To support inbound UDP sessions, GCB has to do a similar thing. It maintains a timeout-based mapping table. Each entry in the table maps the official address 'addr-1' of a peer to an address 'addr-2' meaning that packet toward 'addr-1' must be sent to 'addr-2' When a GCBnized application calls connect or sendto, GCB layer searches the mapping table for the receiver's address. If an entry is found, then the layer sends the packet to the mapped address. Otherwise, it contacts the GCB inagent of the receiver and opens a channel in a similar way as TCP cases.

Here, I will show how a UDP channel is setup from the public network to a private or firewalled network. Channels in other settings are established in similar ways. The following picture shows the timeline. Leftmost column corresponds GCB socket calls that the application in the public network issues. Rightmost column corresponds the application behind a firewall/NAT.

UDP public-private connection

When the sender application calls sendto, GCB layer searches the mapping table for the address of the receiver--'addr-3' in this example. If an entry for the address is found, then it sends the data to the mapped address and returns immediately. Otherwise, it resorts to the following procedure.

After looking up the routing table as in TCP cases, the GCB layer sends the GCB inagent of the receiver INIT_COMM command with the same argument as CONNECT request in TCP cases. Then the inagent replies PASSIVE, meaning that at least one packet must be sent from the receiver socket to the sender socket. The inagent also sends TRIGGER to the GCB layer of the sender. TRIGGER command has the same argument as CONTACT in TCP cases.

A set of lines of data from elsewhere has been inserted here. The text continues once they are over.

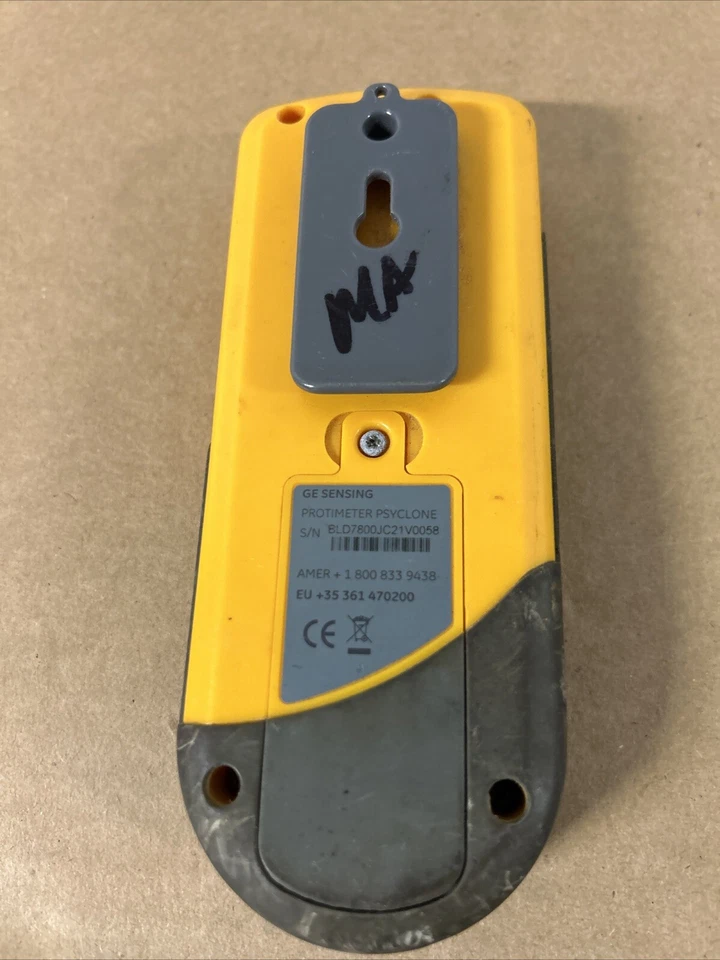 Termo-higrômetro protímetro GE Psyclone #ab4 - Imagem 3 de 4
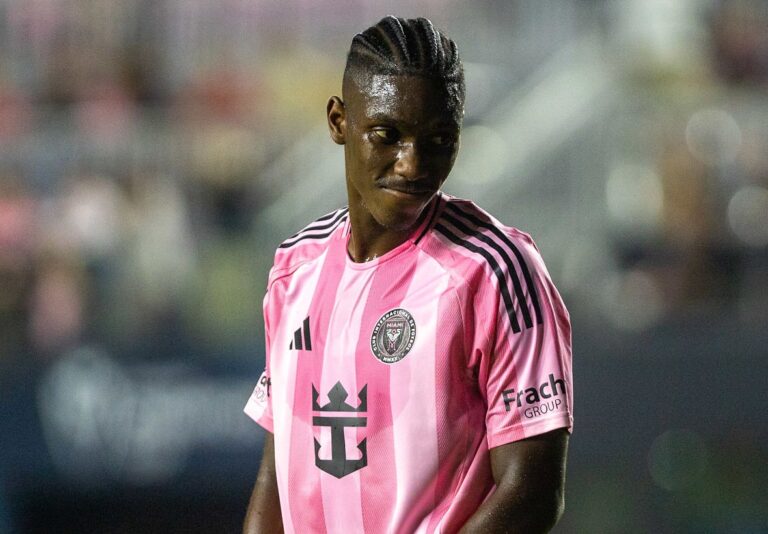 Reportan que Allen Obando NO seguirá en el Inter Miami la próxima temporada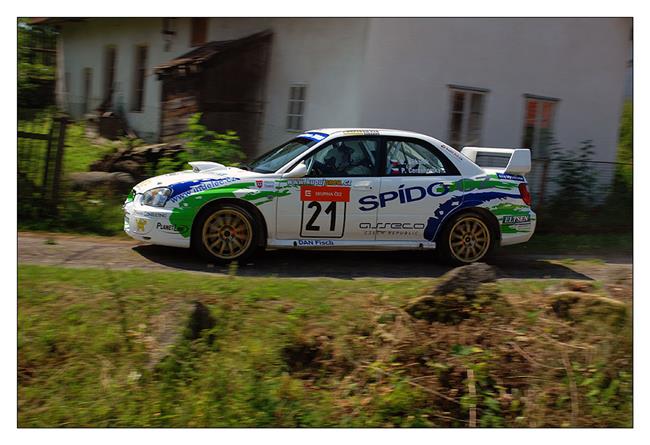 Horácká rallye 2007 objektivem Jaroslava Šašinky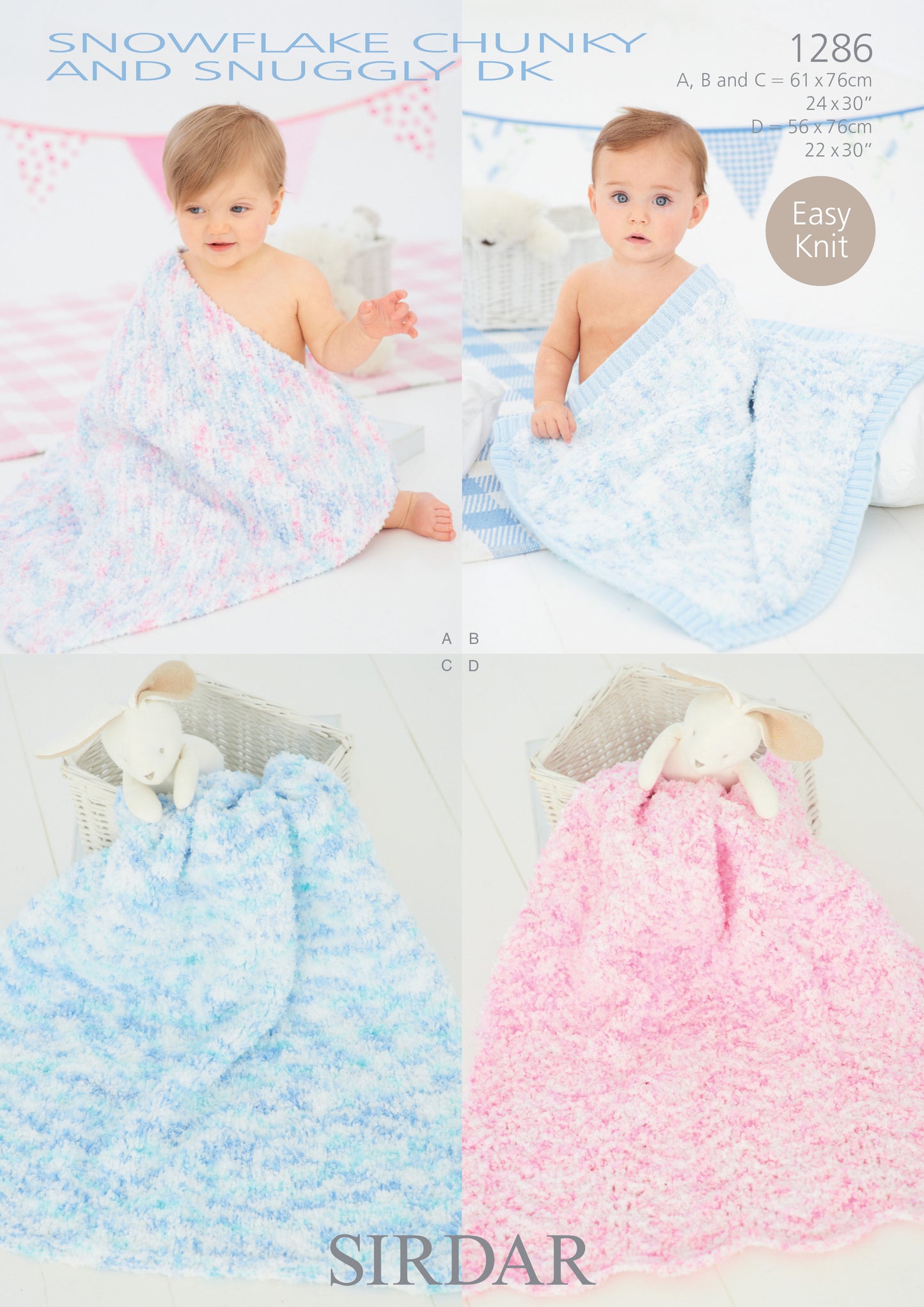 Sirdar Pattern 1286 - Product image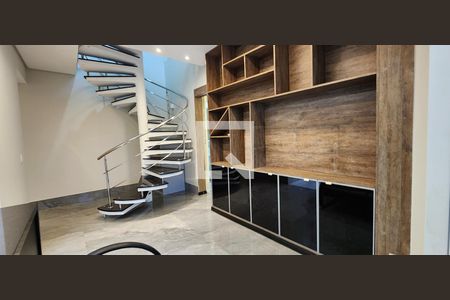 Detalhe Sala de apartamento para alugar com 2 quartos, 96m² em Boqueirão, Santos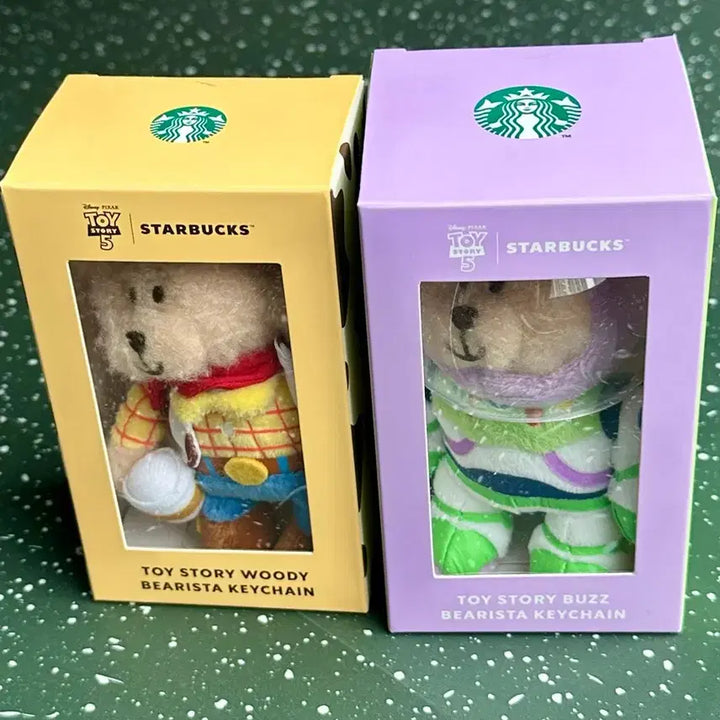 [SOLD OUT] 스타벅스 토이스토리 우디 버즈 키링(일괄)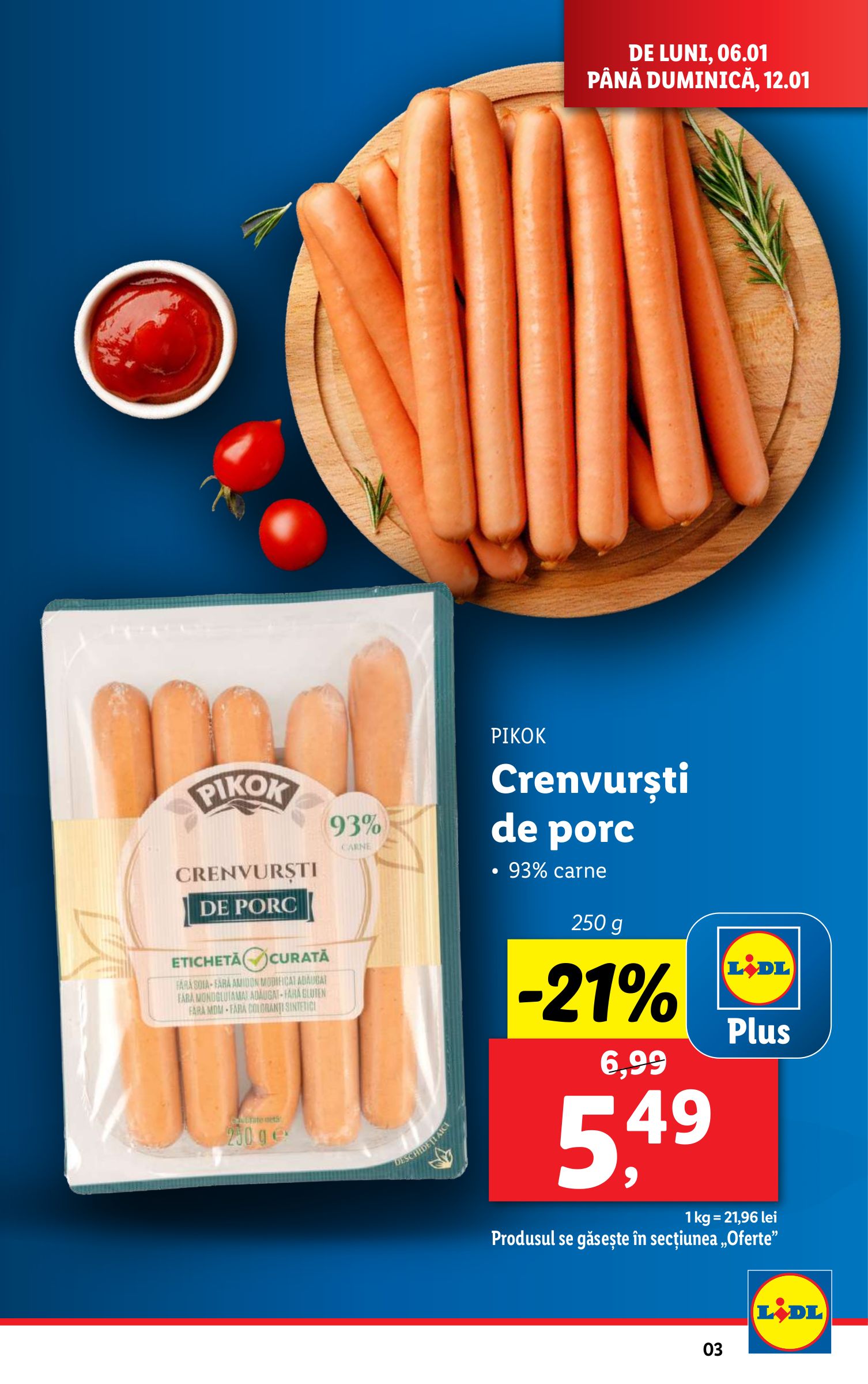 lidl - Catalog Lidl valabil din 06.01. - 12.01. - page: 3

Next, the GCB layer of the receiver sends DUMMY packet. The DUMMY message is sent from the receiver socket to the sender socket. Because at least a packet is sent from the receiver to the sender socket, the sender can now send data to the receiver. Upon receiving a DUMMY, the GCB layer of the sender replies DUMMY_ACK to notify that it has received DUMMY successfully. It sends the data to the receiver socket, too.

The GCB layer must be able to handle delayed DUMMY messages. Note that DUMMY messages are delivered to the socket for data transfer. Therefore, the GCB layer must examine UDP packets and queue data packets so that it may pass them to the application when it calls recvfrom.